Write out exactly the lines below that run from the line containing "Guest house Banoporta Koveskal" through the last line of the records.

**DATA RECORDS**
□ □ □ □
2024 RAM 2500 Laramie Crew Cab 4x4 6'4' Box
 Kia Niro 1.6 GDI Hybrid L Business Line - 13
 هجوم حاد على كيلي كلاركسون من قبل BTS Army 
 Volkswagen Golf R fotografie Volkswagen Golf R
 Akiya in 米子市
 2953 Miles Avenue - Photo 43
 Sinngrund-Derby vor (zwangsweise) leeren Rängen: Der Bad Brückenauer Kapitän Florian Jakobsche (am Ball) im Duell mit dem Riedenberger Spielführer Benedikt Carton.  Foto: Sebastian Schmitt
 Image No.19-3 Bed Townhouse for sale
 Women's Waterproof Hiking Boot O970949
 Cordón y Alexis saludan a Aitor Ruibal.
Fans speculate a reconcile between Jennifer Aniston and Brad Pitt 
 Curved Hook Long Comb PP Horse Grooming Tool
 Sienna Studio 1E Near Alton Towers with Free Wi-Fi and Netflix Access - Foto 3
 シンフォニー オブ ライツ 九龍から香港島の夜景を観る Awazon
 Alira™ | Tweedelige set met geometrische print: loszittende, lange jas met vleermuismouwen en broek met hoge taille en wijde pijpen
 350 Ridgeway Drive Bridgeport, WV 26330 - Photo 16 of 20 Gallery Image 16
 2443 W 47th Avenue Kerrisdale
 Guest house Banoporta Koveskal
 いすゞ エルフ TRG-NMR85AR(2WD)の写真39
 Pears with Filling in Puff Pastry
□ □ □ □
**EXERCISE RESPONSE**
 Guest house Banoporta Koveskal
 いすゞ エルフ TRG-NMR85AR(2WD)の写真39
 Pears with Filling in Puff Pastry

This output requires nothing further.